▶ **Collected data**
╔══

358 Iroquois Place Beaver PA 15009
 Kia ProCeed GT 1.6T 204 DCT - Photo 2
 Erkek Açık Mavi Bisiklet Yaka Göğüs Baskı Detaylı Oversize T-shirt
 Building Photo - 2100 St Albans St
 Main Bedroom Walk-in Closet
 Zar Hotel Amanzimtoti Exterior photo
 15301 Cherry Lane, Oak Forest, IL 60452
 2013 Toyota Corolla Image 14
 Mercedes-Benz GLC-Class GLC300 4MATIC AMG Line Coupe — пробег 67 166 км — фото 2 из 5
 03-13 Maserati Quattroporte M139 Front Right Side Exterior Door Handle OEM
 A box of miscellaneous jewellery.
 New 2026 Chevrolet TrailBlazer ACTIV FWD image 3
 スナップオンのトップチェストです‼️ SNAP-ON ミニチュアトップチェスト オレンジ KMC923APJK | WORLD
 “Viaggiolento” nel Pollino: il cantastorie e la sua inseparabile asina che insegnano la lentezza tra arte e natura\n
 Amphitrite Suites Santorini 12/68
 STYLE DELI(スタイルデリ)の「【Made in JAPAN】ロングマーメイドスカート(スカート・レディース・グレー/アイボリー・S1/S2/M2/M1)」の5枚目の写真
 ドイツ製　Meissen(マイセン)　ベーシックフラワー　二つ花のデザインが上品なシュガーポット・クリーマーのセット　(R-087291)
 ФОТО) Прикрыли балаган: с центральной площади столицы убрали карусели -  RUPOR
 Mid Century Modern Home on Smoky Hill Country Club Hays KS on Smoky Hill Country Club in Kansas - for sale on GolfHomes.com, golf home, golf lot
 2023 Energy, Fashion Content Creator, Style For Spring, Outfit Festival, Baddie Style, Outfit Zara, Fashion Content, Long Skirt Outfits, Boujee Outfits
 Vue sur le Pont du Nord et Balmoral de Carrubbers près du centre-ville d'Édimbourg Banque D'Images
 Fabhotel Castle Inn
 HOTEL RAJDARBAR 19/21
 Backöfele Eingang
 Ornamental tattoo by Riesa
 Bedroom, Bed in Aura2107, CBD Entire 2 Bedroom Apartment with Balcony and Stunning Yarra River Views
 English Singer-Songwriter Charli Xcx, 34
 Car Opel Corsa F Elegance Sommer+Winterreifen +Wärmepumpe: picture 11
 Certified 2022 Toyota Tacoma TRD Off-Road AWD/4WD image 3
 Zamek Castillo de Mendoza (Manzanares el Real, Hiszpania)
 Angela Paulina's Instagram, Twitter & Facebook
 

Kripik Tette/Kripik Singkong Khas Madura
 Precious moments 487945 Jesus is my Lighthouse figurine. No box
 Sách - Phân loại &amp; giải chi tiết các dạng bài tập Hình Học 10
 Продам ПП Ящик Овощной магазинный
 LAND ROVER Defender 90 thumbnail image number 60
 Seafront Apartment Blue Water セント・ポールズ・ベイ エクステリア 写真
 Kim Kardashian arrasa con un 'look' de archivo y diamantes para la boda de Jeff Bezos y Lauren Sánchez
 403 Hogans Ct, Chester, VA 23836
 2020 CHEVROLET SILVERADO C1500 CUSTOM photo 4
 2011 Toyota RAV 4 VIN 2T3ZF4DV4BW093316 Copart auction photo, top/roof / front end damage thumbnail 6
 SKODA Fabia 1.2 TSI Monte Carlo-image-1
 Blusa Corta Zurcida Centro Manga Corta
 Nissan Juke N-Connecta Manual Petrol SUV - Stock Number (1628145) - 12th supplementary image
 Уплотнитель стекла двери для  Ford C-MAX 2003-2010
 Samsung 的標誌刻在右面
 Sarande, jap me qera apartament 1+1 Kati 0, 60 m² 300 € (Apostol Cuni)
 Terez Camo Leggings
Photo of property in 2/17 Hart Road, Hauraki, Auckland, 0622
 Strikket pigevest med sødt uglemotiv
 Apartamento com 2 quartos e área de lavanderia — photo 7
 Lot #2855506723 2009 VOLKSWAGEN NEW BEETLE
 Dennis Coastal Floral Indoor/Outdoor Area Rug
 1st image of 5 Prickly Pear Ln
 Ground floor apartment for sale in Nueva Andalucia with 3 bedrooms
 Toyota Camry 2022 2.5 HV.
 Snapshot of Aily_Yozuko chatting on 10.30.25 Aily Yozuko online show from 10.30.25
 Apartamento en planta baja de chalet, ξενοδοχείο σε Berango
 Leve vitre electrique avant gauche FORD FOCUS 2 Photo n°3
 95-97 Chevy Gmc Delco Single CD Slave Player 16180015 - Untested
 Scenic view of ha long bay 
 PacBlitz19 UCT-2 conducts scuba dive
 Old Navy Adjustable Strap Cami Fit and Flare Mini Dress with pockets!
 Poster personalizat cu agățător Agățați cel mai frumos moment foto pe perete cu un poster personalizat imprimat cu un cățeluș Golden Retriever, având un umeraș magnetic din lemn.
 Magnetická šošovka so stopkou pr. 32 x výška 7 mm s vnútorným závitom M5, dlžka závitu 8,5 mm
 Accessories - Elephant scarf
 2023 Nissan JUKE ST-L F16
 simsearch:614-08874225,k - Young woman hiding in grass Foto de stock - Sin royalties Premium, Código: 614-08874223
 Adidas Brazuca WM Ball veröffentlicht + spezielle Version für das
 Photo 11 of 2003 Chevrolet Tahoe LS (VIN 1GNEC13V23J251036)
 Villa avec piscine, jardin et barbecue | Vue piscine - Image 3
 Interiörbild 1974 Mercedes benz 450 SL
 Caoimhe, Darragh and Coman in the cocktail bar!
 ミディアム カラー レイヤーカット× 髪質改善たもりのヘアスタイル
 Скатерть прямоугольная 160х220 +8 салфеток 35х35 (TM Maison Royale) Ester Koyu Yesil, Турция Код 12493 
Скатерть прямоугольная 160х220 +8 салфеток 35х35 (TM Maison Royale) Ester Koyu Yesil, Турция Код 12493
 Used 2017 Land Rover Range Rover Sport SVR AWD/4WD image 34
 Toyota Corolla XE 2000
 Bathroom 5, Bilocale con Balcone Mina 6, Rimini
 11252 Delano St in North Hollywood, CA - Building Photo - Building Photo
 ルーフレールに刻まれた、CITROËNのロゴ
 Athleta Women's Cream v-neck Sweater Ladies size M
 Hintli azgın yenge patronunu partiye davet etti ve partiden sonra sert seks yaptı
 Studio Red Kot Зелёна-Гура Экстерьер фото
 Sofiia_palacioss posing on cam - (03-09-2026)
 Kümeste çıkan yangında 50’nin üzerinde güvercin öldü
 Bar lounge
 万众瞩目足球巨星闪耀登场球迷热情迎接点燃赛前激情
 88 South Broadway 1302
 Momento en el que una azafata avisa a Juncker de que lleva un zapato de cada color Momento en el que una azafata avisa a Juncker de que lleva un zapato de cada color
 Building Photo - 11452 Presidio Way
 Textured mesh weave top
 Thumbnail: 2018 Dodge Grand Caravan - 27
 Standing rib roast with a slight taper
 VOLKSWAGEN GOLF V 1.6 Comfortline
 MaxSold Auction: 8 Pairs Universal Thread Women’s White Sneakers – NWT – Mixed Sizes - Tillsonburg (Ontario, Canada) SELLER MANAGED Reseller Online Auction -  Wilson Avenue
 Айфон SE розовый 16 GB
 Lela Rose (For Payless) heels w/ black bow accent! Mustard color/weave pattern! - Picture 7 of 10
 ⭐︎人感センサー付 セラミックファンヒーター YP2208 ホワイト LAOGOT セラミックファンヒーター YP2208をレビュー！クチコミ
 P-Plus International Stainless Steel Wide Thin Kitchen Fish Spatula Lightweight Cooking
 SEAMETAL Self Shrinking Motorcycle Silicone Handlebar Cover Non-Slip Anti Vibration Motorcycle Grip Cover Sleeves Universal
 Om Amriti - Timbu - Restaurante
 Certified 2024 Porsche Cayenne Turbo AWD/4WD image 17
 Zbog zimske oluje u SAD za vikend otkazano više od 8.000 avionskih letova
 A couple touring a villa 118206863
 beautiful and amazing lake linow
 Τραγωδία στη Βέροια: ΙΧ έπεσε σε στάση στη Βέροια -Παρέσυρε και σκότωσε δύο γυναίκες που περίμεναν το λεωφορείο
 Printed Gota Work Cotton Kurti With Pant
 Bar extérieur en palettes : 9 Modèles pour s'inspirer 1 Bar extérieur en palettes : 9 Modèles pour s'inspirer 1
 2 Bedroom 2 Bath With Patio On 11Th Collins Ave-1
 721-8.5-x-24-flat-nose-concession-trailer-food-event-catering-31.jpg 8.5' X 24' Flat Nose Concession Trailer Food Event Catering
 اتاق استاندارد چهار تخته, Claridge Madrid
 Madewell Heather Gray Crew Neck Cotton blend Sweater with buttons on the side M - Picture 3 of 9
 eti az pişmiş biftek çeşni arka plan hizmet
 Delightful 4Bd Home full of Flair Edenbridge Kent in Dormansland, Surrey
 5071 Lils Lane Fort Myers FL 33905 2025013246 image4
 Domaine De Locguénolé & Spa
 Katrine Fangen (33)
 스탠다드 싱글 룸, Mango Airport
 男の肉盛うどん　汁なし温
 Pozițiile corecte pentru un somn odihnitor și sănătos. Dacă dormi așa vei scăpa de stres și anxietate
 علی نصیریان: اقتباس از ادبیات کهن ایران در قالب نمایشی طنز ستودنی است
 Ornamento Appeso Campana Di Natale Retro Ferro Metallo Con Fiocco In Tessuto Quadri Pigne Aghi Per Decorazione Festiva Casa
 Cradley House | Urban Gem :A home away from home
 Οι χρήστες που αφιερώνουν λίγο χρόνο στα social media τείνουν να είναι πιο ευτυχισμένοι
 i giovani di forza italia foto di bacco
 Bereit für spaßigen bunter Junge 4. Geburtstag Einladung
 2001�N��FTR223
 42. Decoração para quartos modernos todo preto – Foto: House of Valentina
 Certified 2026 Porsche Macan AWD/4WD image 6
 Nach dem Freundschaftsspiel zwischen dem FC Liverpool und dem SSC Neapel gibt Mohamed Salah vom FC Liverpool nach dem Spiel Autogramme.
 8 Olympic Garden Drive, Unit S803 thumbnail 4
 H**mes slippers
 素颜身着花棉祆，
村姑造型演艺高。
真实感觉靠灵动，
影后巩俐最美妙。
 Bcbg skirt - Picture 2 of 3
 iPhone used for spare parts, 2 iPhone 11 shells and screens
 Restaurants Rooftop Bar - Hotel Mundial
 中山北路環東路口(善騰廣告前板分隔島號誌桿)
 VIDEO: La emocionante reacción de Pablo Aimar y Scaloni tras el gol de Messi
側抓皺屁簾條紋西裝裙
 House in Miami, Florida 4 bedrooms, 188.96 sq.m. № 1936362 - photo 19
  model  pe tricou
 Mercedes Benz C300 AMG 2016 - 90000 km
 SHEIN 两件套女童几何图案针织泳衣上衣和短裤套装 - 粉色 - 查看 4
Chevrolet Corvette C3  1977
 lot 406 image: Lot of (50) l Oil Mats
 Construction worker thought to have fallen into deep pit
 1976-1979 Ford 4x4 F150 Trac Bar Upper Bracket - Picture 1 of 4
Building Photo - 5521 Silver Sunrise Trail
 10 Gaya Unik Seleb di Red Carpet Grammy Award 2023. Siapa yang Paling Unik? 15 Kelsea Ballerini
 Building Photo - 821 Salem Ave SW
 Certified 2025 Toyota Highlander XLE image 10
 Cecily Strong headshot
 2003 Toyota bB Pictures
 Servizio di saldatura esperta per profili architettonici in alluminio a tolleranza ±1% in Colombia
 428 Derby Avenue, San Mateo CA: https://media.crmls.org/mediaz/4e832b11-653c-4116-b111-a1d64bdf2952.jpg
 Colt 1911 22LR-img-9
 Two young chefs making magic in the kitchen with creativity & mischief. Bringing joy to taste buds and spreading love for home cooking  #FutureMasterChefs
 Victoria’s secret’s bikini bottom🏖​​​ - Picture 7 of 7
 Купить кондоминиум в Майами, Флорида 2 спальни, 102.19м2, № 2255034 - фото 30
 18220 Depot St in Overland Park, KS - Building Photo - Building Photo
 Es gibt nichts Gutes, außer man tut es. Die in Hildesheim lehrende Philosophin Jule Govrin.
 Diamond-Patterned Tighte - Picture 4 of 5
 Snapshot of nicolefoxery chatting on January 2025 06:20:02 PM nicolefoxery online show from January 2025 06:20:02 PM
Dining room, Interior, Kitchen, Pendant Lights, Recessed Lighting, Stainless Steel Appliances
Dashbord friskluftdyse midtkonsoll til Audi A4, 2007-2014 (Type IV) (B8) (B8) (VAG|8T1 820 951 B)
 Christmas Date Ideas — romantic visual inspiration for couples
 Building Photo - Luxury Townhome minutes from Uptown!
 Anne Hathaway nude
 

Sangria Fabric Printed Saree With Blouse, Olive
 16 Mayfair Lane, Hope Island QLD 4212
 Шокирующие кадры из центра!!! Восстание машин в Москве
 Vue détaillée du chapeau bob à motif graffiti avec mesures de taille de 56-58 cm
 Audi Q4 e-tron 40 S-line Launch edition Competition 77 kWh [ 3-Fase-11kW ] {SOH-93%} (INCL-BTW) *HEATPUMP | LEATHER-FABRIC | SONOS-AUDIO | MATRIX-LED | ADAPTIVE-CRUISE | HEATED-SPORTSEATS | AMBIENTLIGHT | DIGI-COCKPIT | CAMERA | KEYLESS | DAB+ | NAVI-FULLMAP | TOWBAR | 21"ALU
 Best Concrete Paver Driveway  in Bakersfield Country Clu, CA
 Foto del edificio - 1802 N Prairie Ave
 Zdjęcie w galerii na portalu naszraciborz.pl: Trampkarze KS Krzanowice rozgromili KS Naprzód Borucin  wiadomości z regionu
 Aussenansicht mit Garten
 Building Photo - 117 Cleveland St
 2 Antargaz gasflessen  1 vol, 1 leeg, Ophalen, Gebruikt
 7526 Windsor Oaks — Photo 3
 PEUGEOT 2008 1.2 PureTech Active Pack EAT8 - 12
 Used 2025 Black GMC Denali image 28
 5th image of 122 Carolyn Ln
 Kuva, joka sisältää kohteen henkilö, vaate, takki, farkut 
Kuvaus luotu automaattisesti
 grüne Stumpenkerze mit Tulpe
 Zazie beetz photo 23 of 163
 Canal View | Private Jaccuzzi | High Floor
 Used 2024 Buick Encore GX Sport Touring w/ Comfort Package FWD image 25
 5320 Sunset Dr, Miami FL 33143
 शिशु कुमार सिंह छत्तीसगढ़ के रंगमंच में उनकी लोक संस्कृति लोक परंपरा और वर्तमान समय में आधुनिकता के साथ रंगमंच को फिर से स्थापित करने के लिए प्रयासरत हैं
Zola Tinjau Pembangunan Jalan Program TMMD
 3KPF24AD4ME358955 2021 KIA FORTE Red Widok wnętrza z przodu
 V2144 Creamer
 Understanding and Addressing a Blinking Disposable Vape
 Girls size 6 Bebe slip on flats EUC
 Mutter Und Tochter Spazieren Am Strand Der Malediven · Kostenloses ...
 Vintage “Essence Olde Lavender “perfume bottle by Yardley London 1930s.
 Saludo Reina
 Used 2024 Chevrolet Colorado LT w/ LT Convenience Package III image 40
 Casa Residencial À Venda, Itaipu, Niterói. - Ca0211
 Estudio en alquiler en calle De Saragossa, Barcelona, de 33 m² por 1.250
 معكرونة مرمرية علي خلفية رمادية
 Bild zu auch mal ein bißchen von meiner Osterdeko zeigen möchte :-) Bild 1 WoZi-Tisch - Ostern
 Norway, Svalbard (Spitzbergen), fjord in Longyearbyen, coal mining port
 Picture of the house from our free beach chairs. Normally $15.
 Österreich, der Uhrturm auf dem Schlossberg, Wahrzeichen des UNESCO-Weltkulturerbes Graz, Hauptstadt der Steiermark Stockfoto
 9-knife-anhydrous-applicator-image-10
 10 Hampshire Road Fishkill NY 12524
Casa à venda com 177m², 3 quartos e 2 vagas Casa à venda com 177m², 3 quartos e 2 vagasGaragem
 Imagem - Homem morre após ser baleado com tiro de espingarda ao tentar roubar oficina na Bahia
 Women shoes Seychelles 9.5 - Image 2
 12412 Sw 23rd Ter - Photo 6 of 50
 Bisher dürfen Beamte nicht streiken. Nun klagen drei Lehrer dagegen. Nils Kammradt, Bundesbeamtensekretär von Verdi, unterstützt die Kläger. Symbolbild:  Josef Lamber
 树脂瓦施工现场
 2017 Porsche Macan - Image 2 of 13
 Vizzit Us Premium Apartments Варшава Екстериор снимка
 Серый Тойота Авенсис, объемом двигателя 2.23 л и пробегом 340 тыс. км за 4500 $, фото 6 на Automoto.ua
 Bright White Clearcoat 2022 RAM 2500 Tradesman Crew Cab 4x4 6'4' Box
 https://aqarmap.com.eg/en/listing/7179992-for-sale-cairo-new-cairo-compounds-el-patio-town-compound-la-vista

╚══

▶ **GOAL OF THE EXERCISE**
When you reach the line containing "Τραγωδία στη Βέροια: ΙΧ" in the data above, start copying exactly, and stop after the line containing "Bereit für spaßigen".

▶ **RESPONSE AREA**
 Τραγωδία στη Βέροια: ΙΧ έπεσε σε στάση στη Βέροια -Παρέσυρε και σκότωσε δύο γυναίκες που περίμεναν το λεωφορείο
 Printed Gota Work Cotton Kurti With Pant
 Bar extérieur en palettes : 9 Modèles pour s'inspirer 1 Bar extérieur en palettes : 9 Modèles pour s'inspirer 1
 2 Bedroom 2 Bath With Patio On 11Th Collins Ave-1
 721-8.5-x-24-flat-nose-concession-trailer-food-event-catering-31.jpg 8.5' X 24' Flat Nose Concession Trailer Food Event Catering
 اتاق استاندارد چهار تخته, Claridge Madrid
 Madewell Heather Gray Crew Neck Cotton blend Sweater with buttons on the side M - Picture 3 of 9
 eti az pişmiş biftek çeşni arka plan hizmet
 Delightful 4Bd Home full of Flair Edenbridge Kent in Dormansland, Surrey
 5071 Lils Lane Fort Myers FL 33905 2025013246 image4
 Domaine De Locguénolé & Spa
 Katrine Fangen (33)
 스탠다드 싱글 룸, Mango Airport
 男の肉盛うどん　汁なし温
 Pozițiile corecte pentru un somn odihnitor și sănătos. Dacă dormi așa vei scăpa de stres și anxietate
 علی نصیریان: اقتباس از ادبیات کهن ایران در قالب نمایشی طنز ستودنی است
 Ornamento Appeso Campana Di Natale Retro Ferro Metallo Con Fiocco In Tessuto Quadri Pigne Aghi Per Decorazione Festiva Casa
 Cradley House | Urban Gem :A home away from home
 Οι χρήστες που αφιερώνουν λίγο χρόνο στα social media τείνουν να είναι πιο ευτυχισμένοι
 i giovani di forza italia foto di bacco
 Bereit für spaßigen bunter Junge 4. Geburtstag Einladung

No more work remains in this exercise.